PROBLEM STATEMENT:
Print every line below exactly as written, but leave the pictures behind.

GIVEN INFORMATION:
────────────────────────────────────────

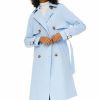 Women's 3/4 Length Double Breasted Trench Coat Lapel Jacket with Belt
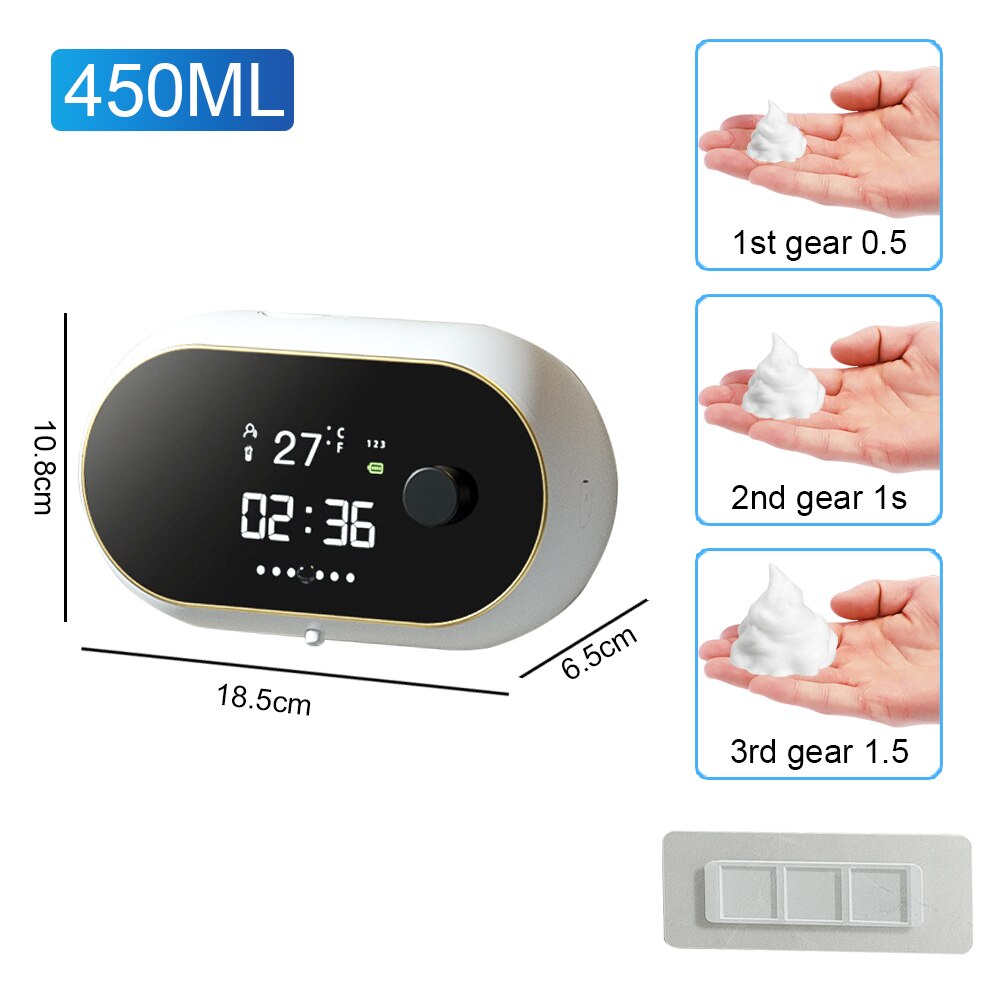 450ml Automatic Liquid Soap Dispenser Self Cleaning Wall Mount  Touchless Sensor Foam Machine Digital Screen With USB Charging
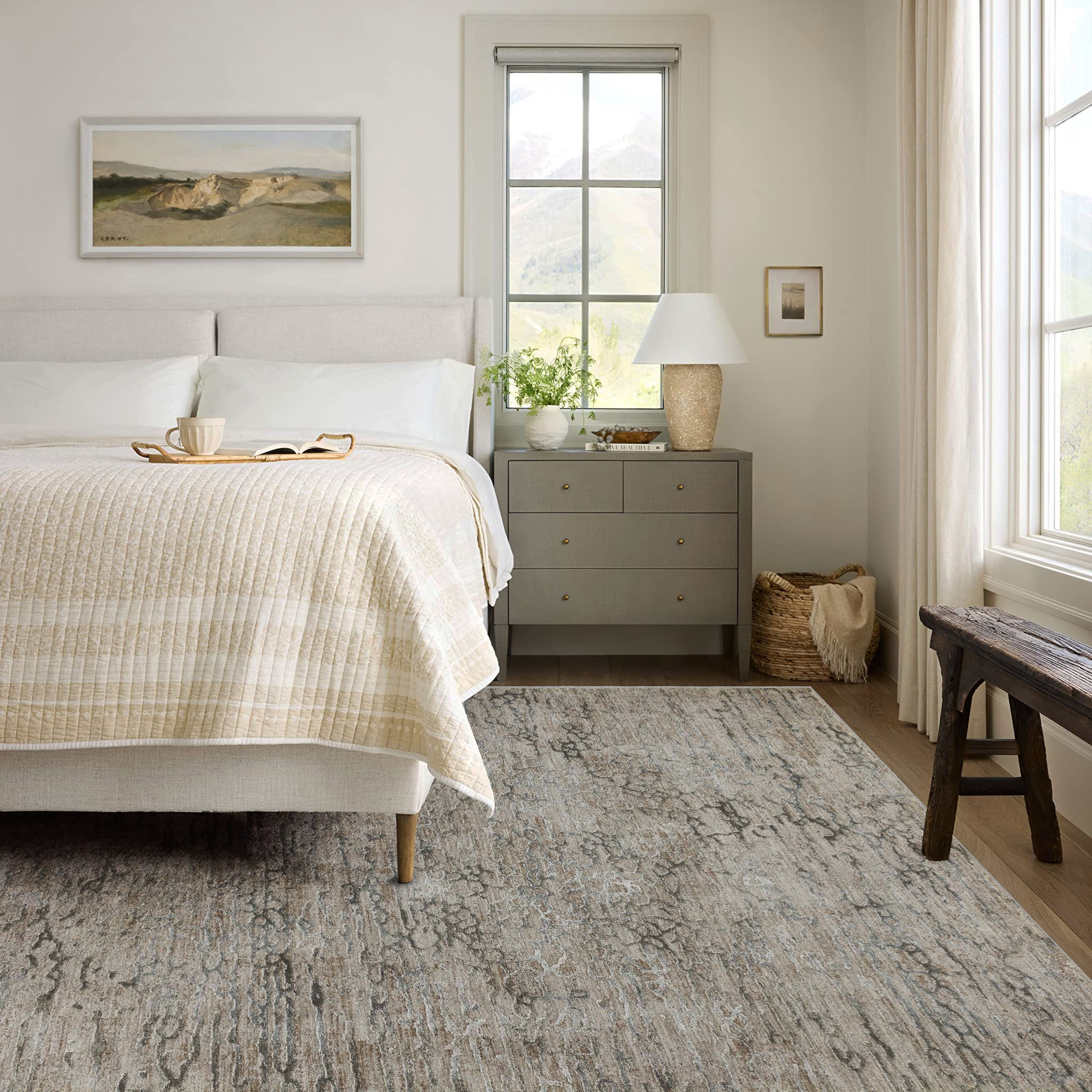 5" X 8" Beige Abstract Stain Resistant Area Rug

────────────────────────────────────────

RESULT OF THIS TASK:
 Women's 3/4 Length Double Breasted Trench Coat Lapel Jacket with Belt
 450ml Automatic Liquid Soap Dispenser Self Cleaning Wall Mount  Touchless Sensor Foam Machine Digital Screen With USB Charging
 5" X 8" Beige Abstract Stain Resistant Area Rug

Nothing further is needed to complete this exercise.